Some more kootu recipes can be found at Jugalbandi , Sailu’s food , Mane adige , Masala magic , Vindu .

Ingredients: 1/2 cup toor dal 1 tea spn kootu podi 2 tbl spns frsh/frozen coconut 1 cup vegetables – green beans, carrot, cauliflower, onion, potato, eggplant(brinjal), tomato etc 1/2 tea spn mustard seeds 5-6 curry leaves A pinch asafoetida A pinch turmeric 1/4 tea spn tamarind extract(optional) Oil Salt

Method: Cook dal with turmeric till it is mushy. Cook vegetables (If using cooker vessels, keep dal in bottom most pan and vegetables in topmost). Grind coconut, tamarind with kootu podi . Add the ground paste to dal and vegetables. Cook for about 7-8mins. Heat oil and add mustard seeds. When they start popping, add curry leaves, asafoetida. Pour this over kootu . Serve hot with rice.

Serves : 3-4 Preparation time : 25mins

Vegetable kootu with kootu podi - 3

Mango Rice

I am in constant search of simple recipes to cook for lunch boxes. Usually, I cook some simple lunch to take to office. It all changed in last few months when due to extreme weather conditions, I just feel like getting up late in the morning. So my lunch boxes were getting affected. I started cooking rice in the morning but pack the previous day’s gravy with it. But then, I have always felt it is not a good idea to pack gravies in lunch boxes as it is difficult to eat them in office. It is not an issue for me as my office is very near to home and I come home for lunch, but I feel bad for V. So from last one week, I am trying my best to get back to my old routine of packing either such quick fix rice items or chapathis for lunch.

I tried this recipe a couple of days ago. It is inspired by a recipe from the book “Pleasure of rice cooking” by Sneha R Vij. I had picked up this book in Bangalore before coming here but have hardly used it. This particular recipe caught my attention because we both are big fans of mangoes.

I did a minor change to the recipe – I added few finely chopped mangoes along with a mango paste. It gave a very nice bite to the dish. The aroma that comes out of the dish while frying, is very very intoxicating. Ever since I tried this,we have become huge fans of this mango rice. It is making a regular appearance in my boxes these days.
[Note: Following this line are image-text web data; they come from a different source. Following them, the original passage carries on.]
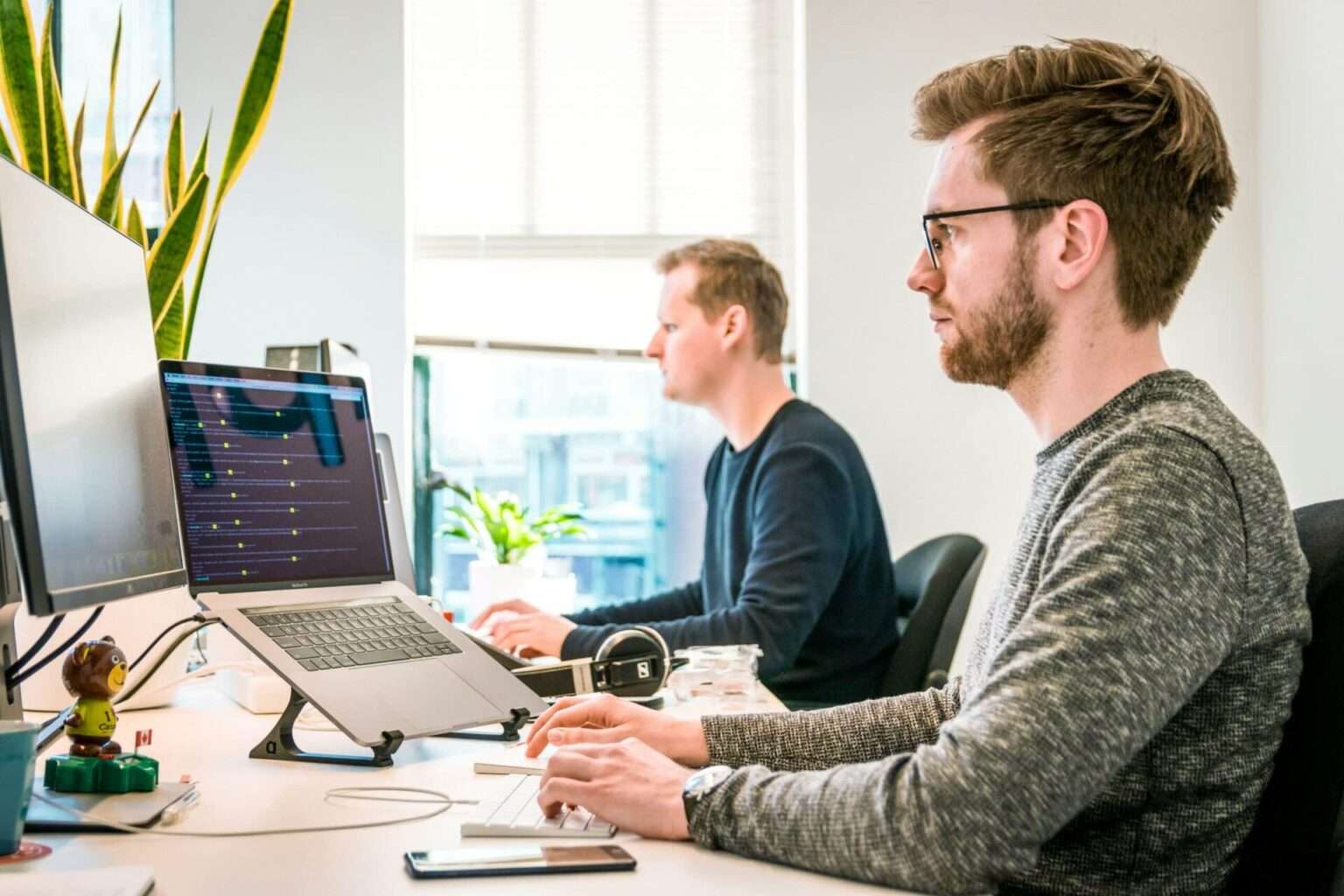 Zwei Männer arbeiten im Büro an Computern.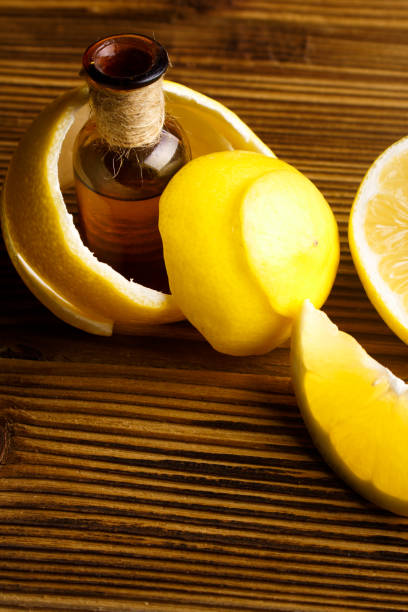 istock Lemon essential oil on a wooden background 961939810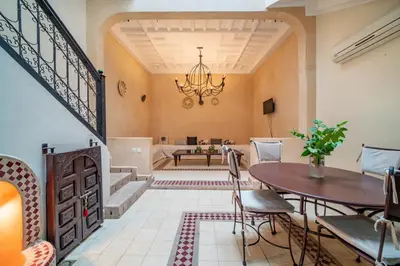 a dining room with a table and a chandelier at Riad Résidence Al Qaria Assiyahia Riad 22 in Marrakech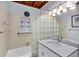 Bathroom with a tub shower and a glass block partition at 1156 Lemon Bay Dr, Venice, FL 34293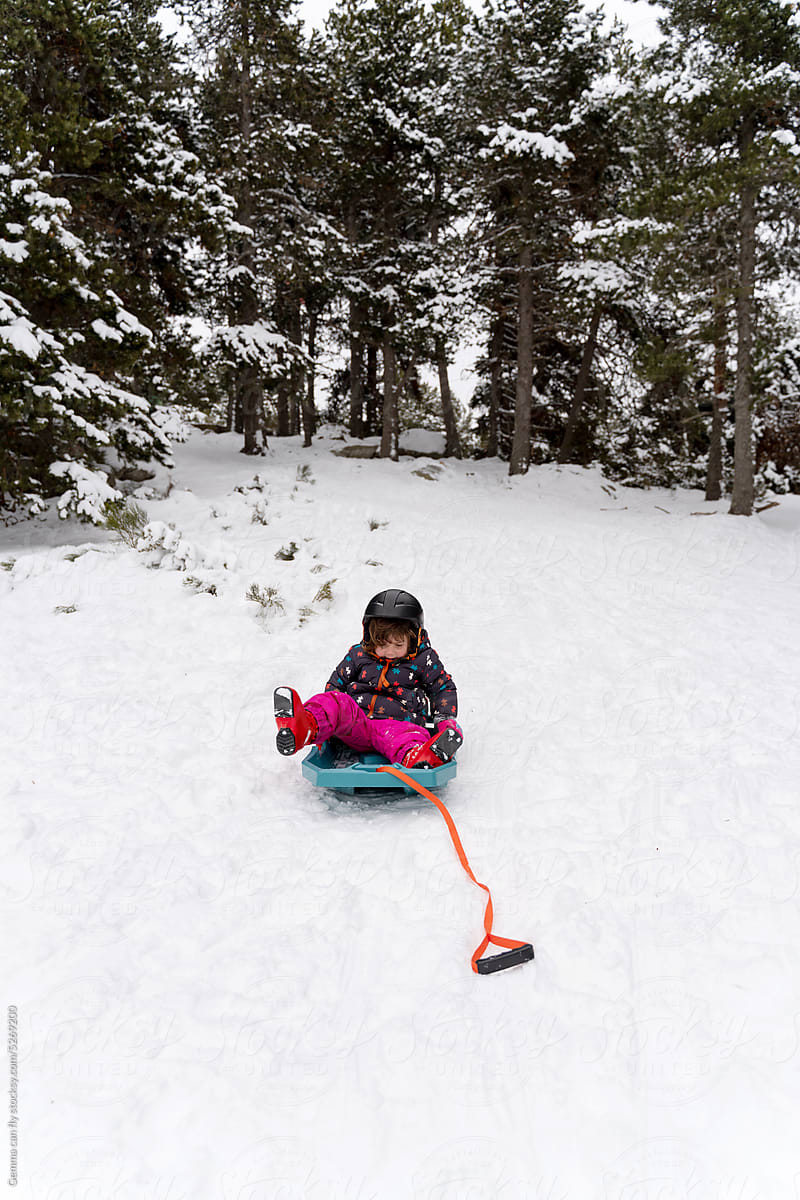 Girl playing with snow sled in winter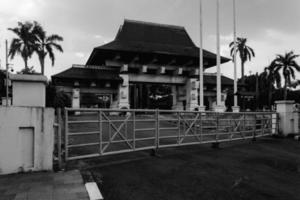 a traditional indonesia hall in the center of the city that is used as a traditional event photo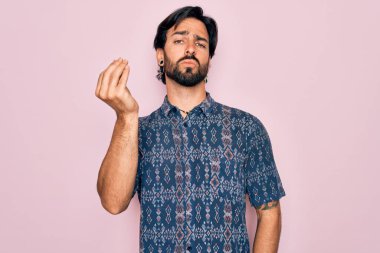 Pembe arka planda hippi tarzı giyinmiş genç, Latin asıllı bohem bir adam İtalyanca jestler yapıyor.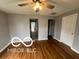 Spacious living room with beautiful hardwood floors at 517 Dicks St, Lebanon, IN 46052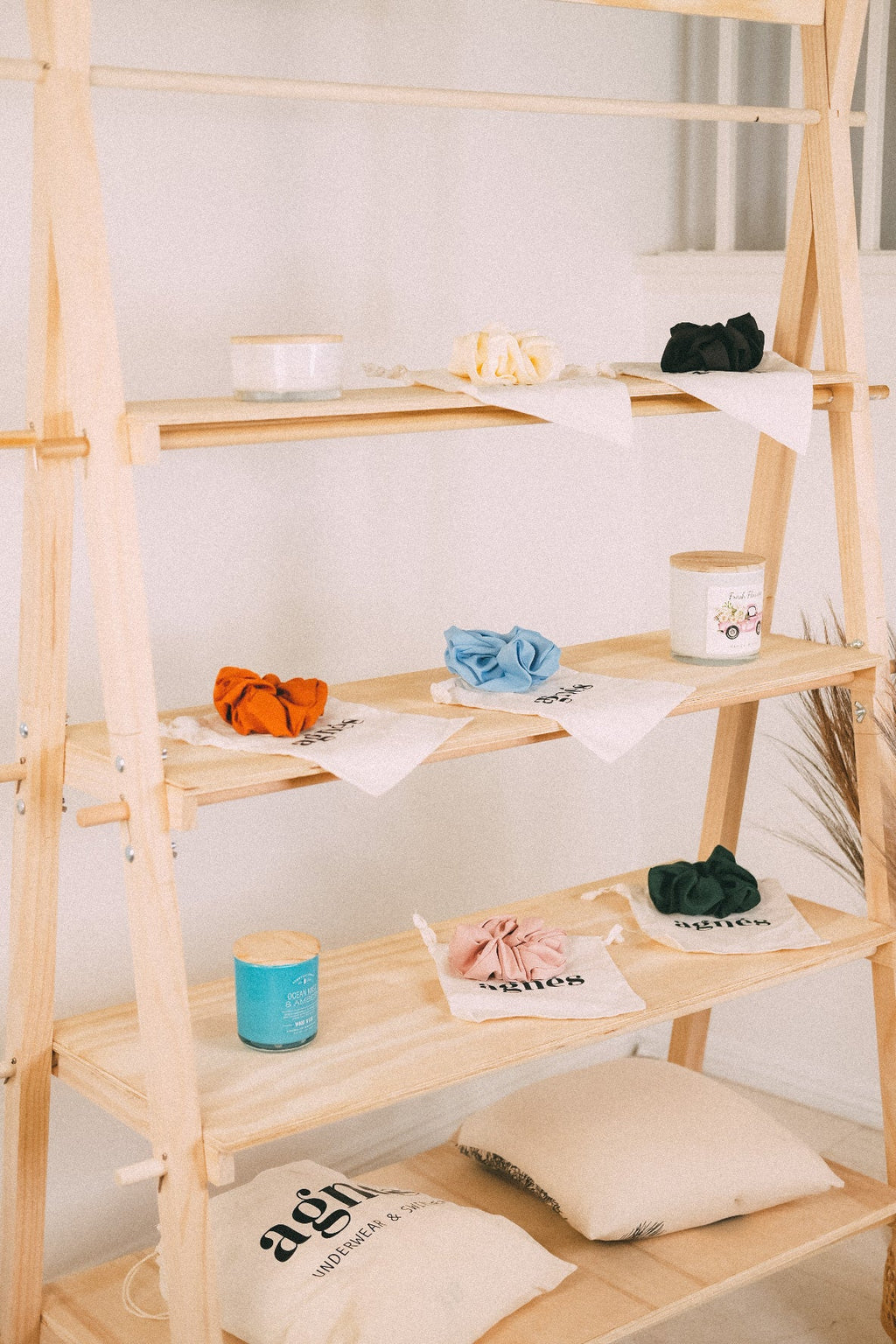 Detail of wooden market shelves with colorful scrunchies and small containers, with fabric bags on the bottom shelf.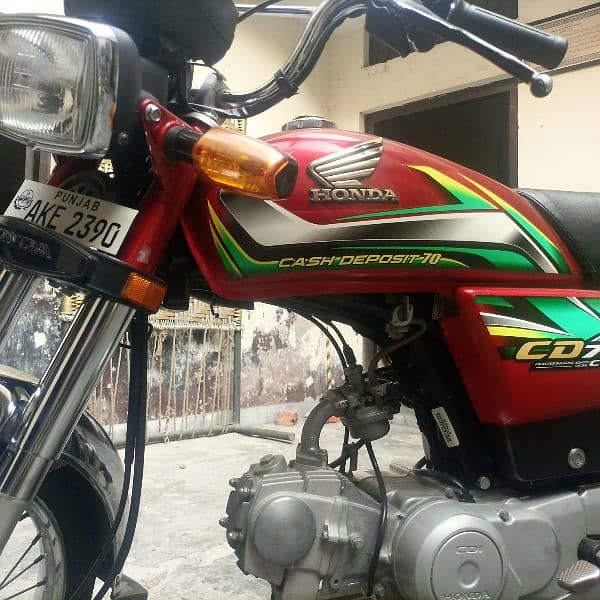 Honda CD 70 Red Color in a good neat and clean good condition 2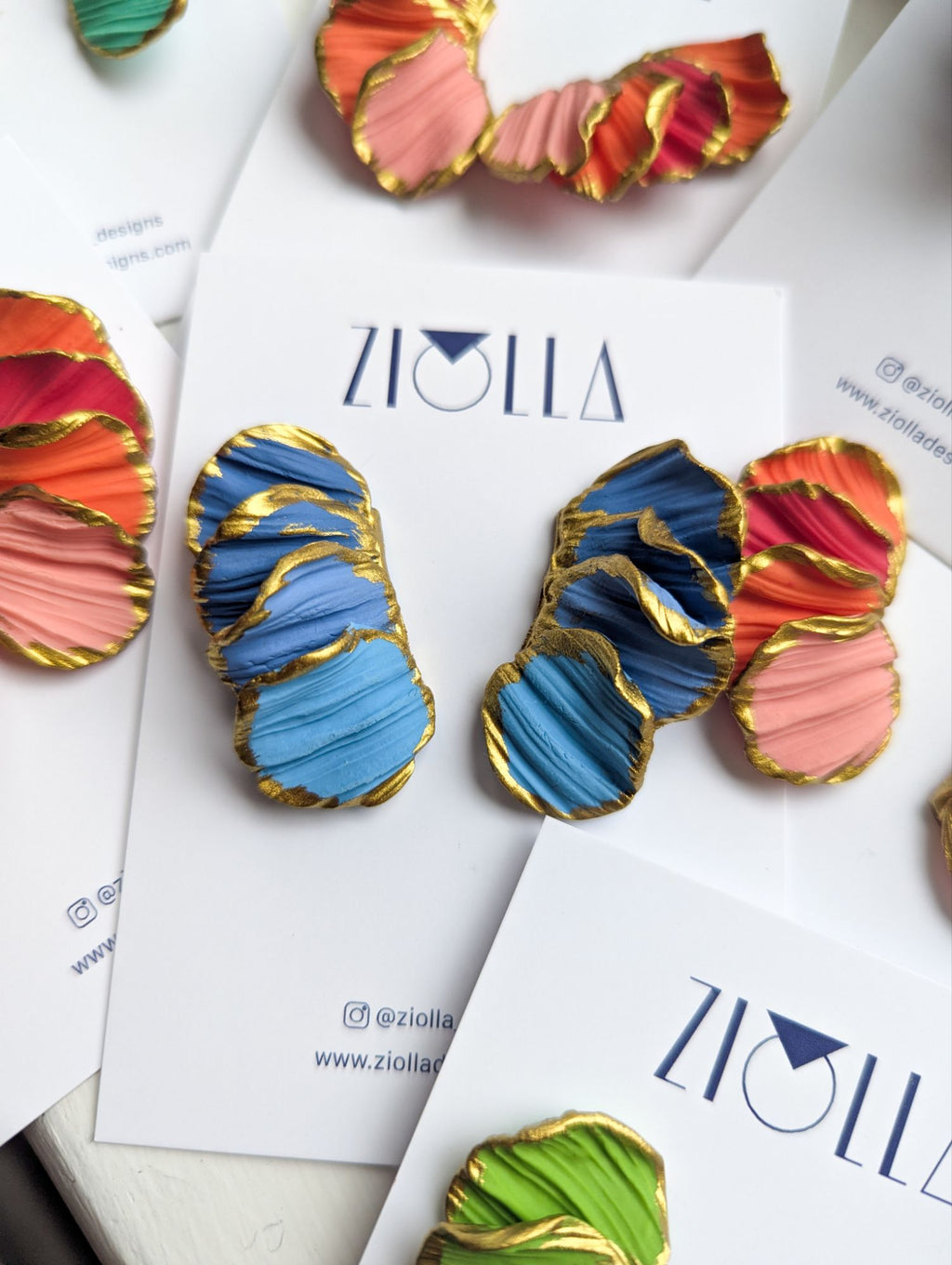 Colorful earrings with gold accents on a Ziolia branded card.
Ingredients: 1 cup rice 1/4 cup raw mangoes roughly chopped and 1/4 cup very finely chopped 1/2 tea spn chana dal 1 tea spn mustard seeds 1/2 tea spn urad dal 1 tbl spn fresh/frozen coconut 3-4 green chilies 4-5 curry leaves A pinch asafoetida A pinch turmeric Oil Salt

Method: Cook rice – make sure each grain is separate, It becomes mushy if the rice is soft. Grind coconut with turmeric, 1/2 tea spn mustard seeds and 1/4 cup coarsely chopped mangoes, to a very coarse paste without adding any water. Heat oil and add chana dal . When it is turning brownish, add mustard seeds and urad dal . Add curry leaves, green chilies and asafoetida. Fry for a min. Now add the finely chopped mangoes and fry for few minutes till they become soft. Add the ground paste and fry till a nice aroma comes out. Add salt and rice. Mix well. Serve hot.

Serves : 2 Preparation time : 25mins

PS: Increase or decrease the quantities of mangoes depending on sourness. For better texture and taste, do not include the skin (mangoes available in US have a very thick skin which do not taste well). Even the left over rice from previous day can be used for this.